WW2 veteran's 70-year wait for recognition from Russia comes to an end

Navy veteran Tommy Jess, 91, from Lisburn Image copyright Tommy jess
Image caption Navy veteran Tommy Jess, 91, from Lisburn will receive a Russian medal for bravery

During World War Two, a constant convoy of ships across the Arctic Ocean kept vital supplies pumping into Russia.

The Nazis sent U-boats to intercept the cargo ships. The threat of torpedoes, and horrific weather conditions, made sailing on those boats one of the most dangerous roles in the war.

For years, Russia wanted to give the Navy veterans of this route the special Ushakov medal to thank them for their bravery.

Initially Westminster blocked it but then backed down.

So on Friday, after 70 years of waiting, 91-year-old Tommy Jess from Lisburn can receive the recognition from Russia that he has been "longing for".


The Russian Embassy is holding a special ceremony at Custom House Square in Belfast to present the medals.

Mr Jess told the BBC that the accolade meant a lot.

His own ship, the HMS Lapwing, sank in 1945. Mr Jess can recall the moment a torpedo hit his boat.

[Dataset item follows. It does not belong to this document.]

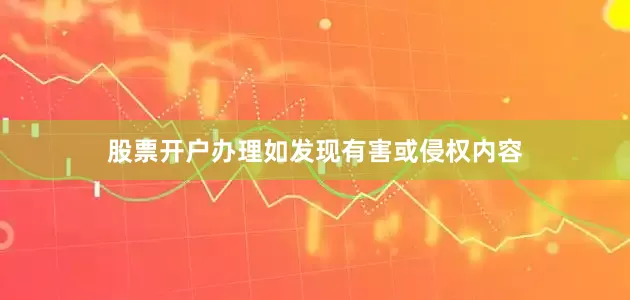 股票开户办理如发现有害或侵权内容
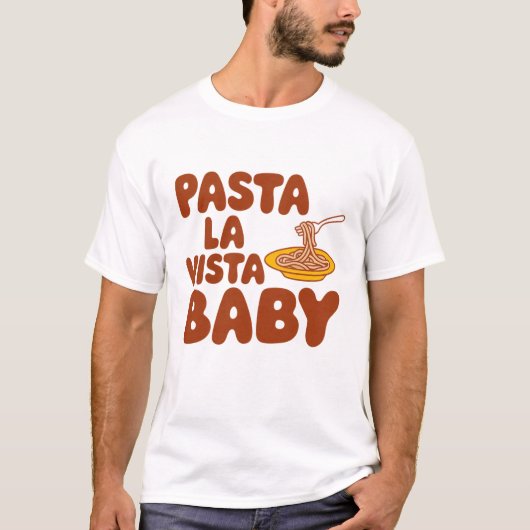 Pasta la vista, Baby T-Shirt (Vorderseite)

Image copyright Tommy Jess
Image caption HMS Lapwing, the ship Tommy Jess was on when it was torpedoed and sunk in 1945

He said it was snowing at the time. He was blown from the upper deck and it was "every man for himself". The boat sank in 10 minutes.

He said his final thoughts before he jumped from the boat were of his mother and father, their shock when they would find out he was gone.

He was on a raft in the water for two hours. Only seven men out of sixteen on that raft survived.


"Thank God I made it. When the ship was torpedoed the hatches were jammed and the boys down below could not get out.

"I have waited 70 years for this. And to receive that letter from the Russian embassy is the nicest thing that has ever happened to me.

"Twenty years ago I never thought nothing of it, I just took it in my stride. As the years went on it's been very, very difficult."

Mr Jess said he will be thinking about a friend from Banbridge, who did not survive the convoy, when he wears his Russian medal.

"When I came home on my first leave I had to go and explain to his parents, and that was an ordeal."